When i applied the transformation $$t=e^{-\left(x-\mu\right)\beta}$$ the integral became $$E\left(\frac{\left(X-\mu\right)e^{-\left(X-\mu\right)\beta}}{1-e^{-\left(X-\mu\right)\beta}}\right)=-\frac{\alpha}{\beta}\int_{0}^{1}t\left(1-t\right)^{\alpha-2}\log t\ dt.$$ how can i go to the next step?

I verified you substituion and got the same answer so we will pick up where you left off. We have $$I=-\frac{\alpha}{\beta}\int_0^1(\log t) t (1-t)^{\alpha-2}\,\mathrm dt.$$ Using $$\partial_x t^x=t^x\log t$$ gives $$I(x)=-\frac{\alpha}{\beta}\partial_x\int_0^1t^x (1-t)^{\alpha-2}\,\mathrm dt,$$ where $$I=I(1)$$. Notive that $$I(x)$$ is very closely related to the integral definition of the beta function leaving us with $$I(x)=-\frac{\alpha}{\beta}\partial_x\frac{\Gamma(\alpha-1)\Gamma(x+1)}{\Gamma(\alpha +x)}.$$ Since $$\partial_z\log\Gamma(z):=\psi(z)=\Gamma^\prime(z)/\Gamma(z)\implies\partial_z\Gamma(z)=\psi(z)\Gamma(z)$$ we are able to evaluate the derivative yielding $$I(x)=-\frac{\alpha\Gamma(\alpha-1)}{\beta}\frac{\Gamma(x)}{\Gamma(\alpha+x)}% \left(1+x\psi(x)-x\psi(a+x)\right).$$ Substituting $$x=1$$ and using the properties $$z\Gamma(z)=\Gamma(z+1)$$, $$\psi(1)=-\gamma$$ (Euler-Mascheroni constant), and $$H_z=\psi(z+1)-\gamma$$ (generalized harmonic numbers) gives after some simplification $$I=\frac{H_\alpha-1}{(\alpha-1)\beta}.$$ This is clearly different from $$(1)$$ given in your post.
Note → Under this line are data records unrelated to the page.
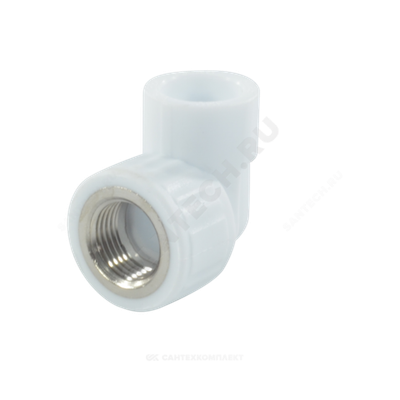 Угольник PP-R комбинированный белый Дн 20х1/2" ВР VALFEX 10125020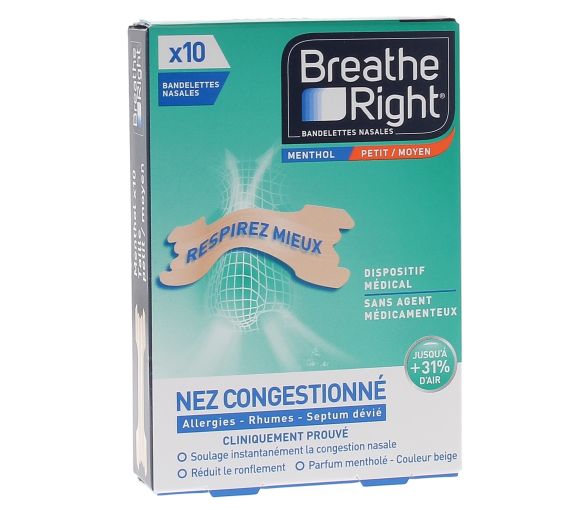 Bandelettes nasales menthol Breathe Right - 10 bandelettes - image 1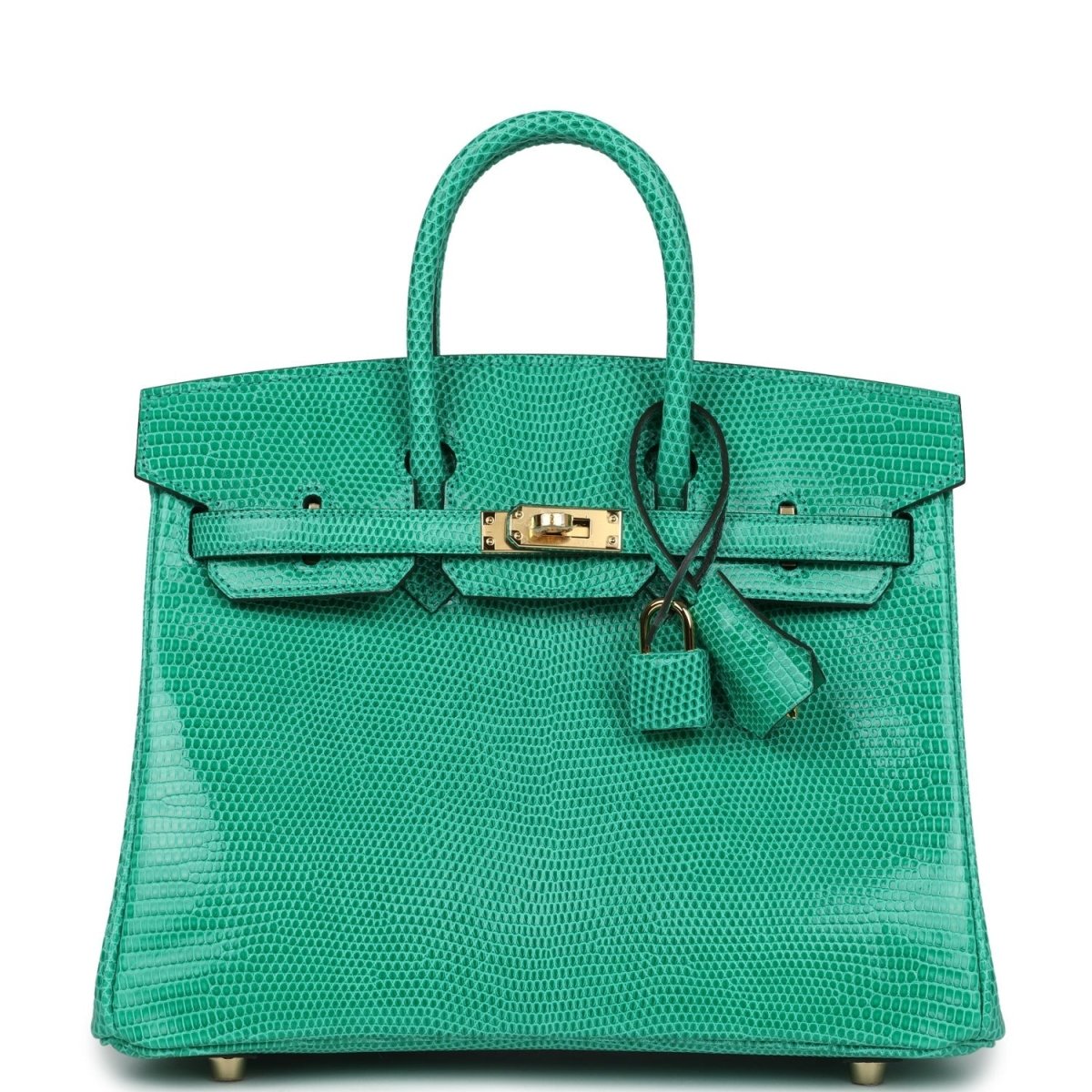 Mint green lizard handbag with gold-tone clasp and top handles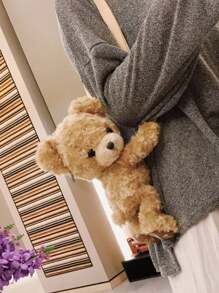 1 件（11.4 英寸 * 3.9 英寸 * 3.9 英寸）无法容纳手机，可用作口红盒、耳机盒、装饰包、独特形状的包、可爱又奇特的礼物、流行的毛绒棕熊形状斜挎包 - 卡其色 - 查看 1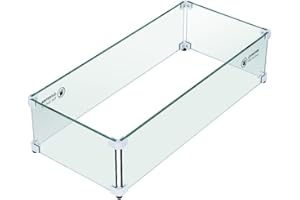 Apromise Fire Pit Wind Guard - 29" x 13" x 7" Fire Pit Glass Wind Guard for Rectangular Fire Pit Table | 5/16-Inch Thickness Tempered Glass & Hard Aluminum Corner Brackets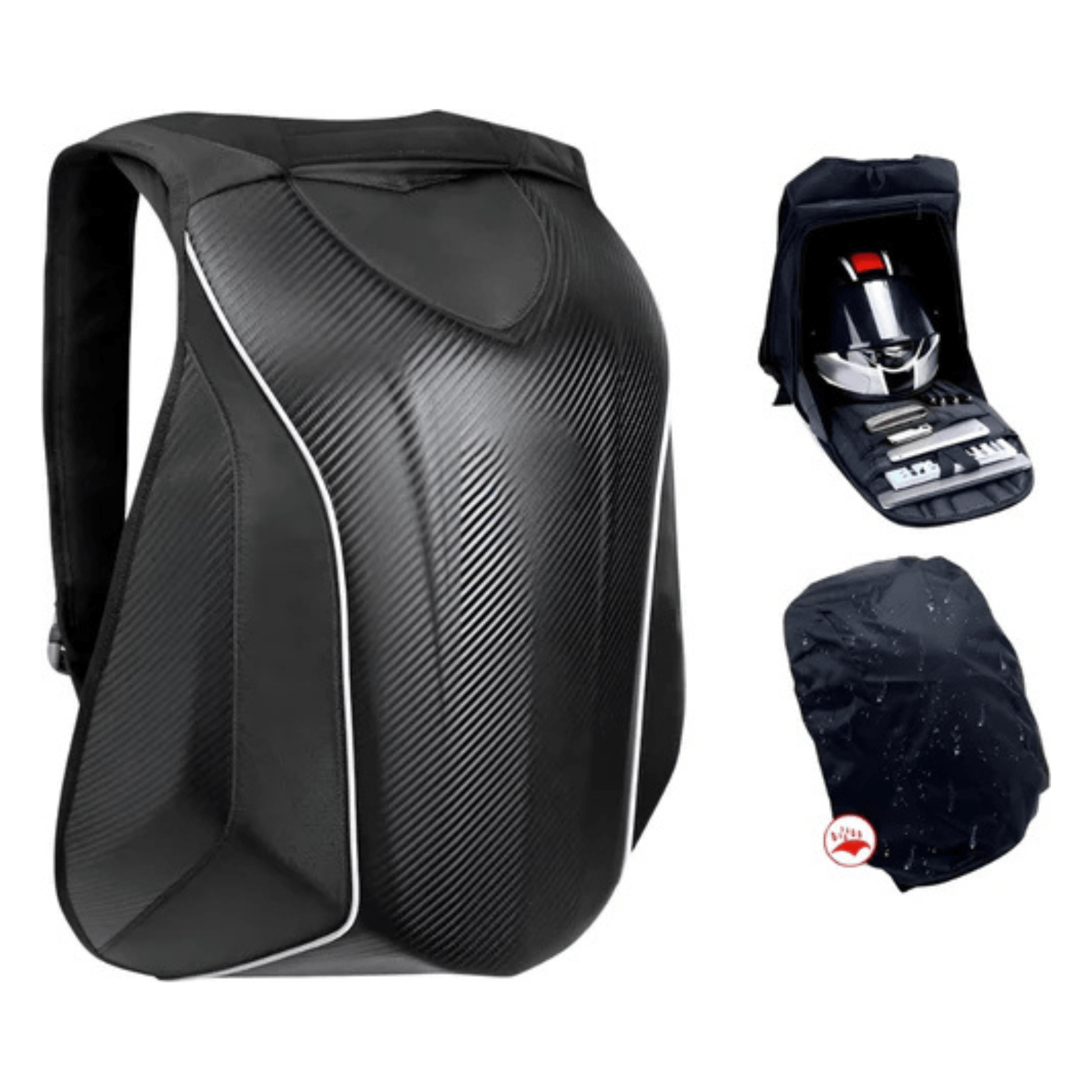 CarryQuest® - Carbon Fiber Motorhelm Rugzak 48L - Waterdichte Tas - Motor Rugzak - Turtle Bag - ZwartCarryQuestsimple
If we use the abovementioned properties we can simplify $$(1)$$ to $$\frac{\psi(\alpha)+\frac{1}{\alpha}+\gamma-1}{(\alpha-1) \beta}.$$ Then using the relationship $$\psi(z+1)=\psi(z)+\frac{1}{z}$$ and the definition of the generalized harmonic numbers shows that the solution for $$I$$ agrees with the form $$(1)$$ given in your post.